Okera enables data platform teams to provide secure data access at scale, service the enterprise governance requirements, and enable self-service data analytics to increase usage and adoption of the data lake and ensure its success within the enterprise.

Automatically discover and tag sensitive data

Register metadata from multiple sources, such as object storage and relational databases, for full data lake visibility. Sensitive information such as credit card number or IP address are automatically tagged as the data lands in the lake, but data stewards can also create custom tagging rules. Okera can also leverage metadata from external sources, whether business metadata or technical metadata, for a full unified view.

Dynamically enforce fine-grained access control

Eliminate the need to create multiple copies of a single dataset in order to control access for different use cases. Okera enforces data access policies dynamically at run-time, so each user will only see the data they are authorized to view. Access restrictions can be applied at the file, column, row, and even at cell-level, and Okera supports a variety of de-identification types, including masking, redaction, tokenization, and even differential privacy.

Gain security without compromising on scalability

Okera is cloud-native, fully containerized, and horizontally scalable like a distributed data analytics engine. It supports policy enforcement across analytical workloads involving petabytes of data and multiple concurrent users while avoiding bottleneck . Based on the complexity of the policy and the capability of the analytics engine being used, Okera chooses the most optimal path of enforcement in order to maintain the balance between security and performance.

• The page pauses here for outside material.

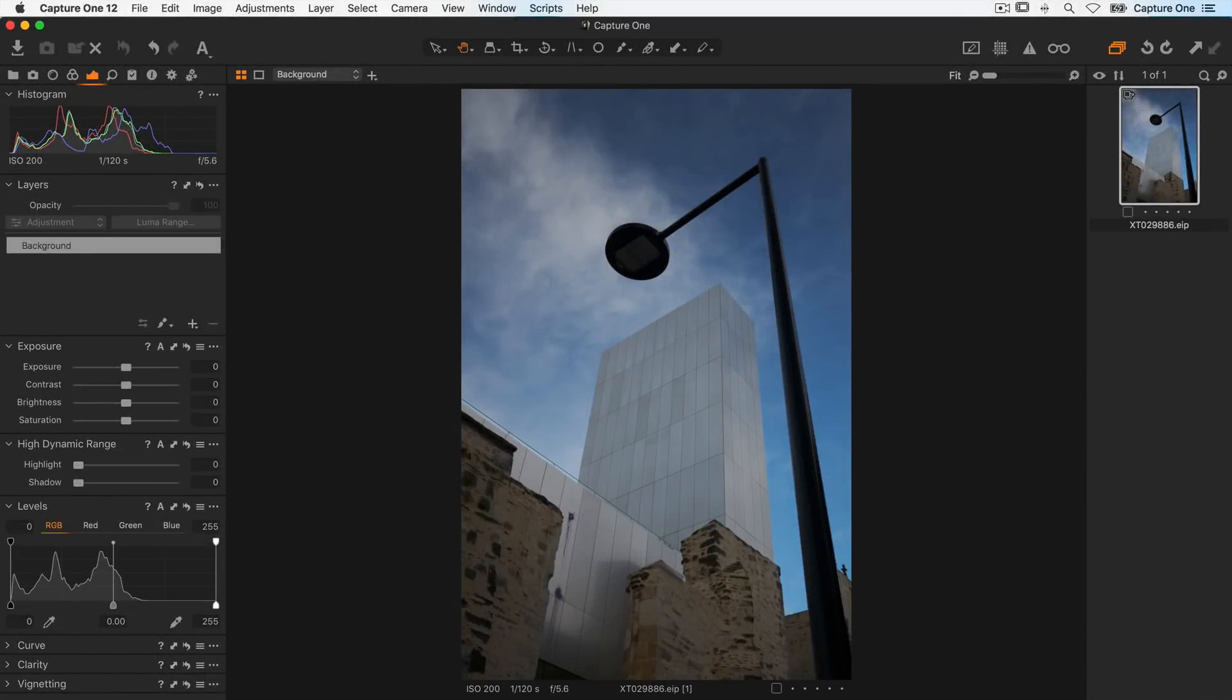In this tutorial we're going to do a few basic edits to this architectural image and also a simple color grade.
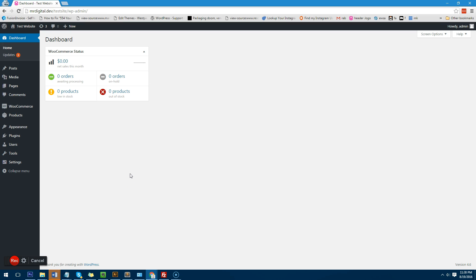This tutorial is going to show you how to create a variable product in WooCommerce. A variable product is basically one product with multiple options. So for example, you have a product with three different colors and three different sizes. Your customer will be able to go onto that product and choose which size and which color they would like and then purchase it.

Audit the data lake to maintain least privilege

Oftentimes users have access to data that they don’t actually need to do their jobs, which unfortunately can pose a huge security risk. Okera’s Inactivity Reporting feature reveals the overlap of “Who can access this data?” and “Who is actually accessing this data?” Data stewards can use these insights to remove those users from that particular role or LDAP group, so that the enterprise can maintain the principle of least privilege.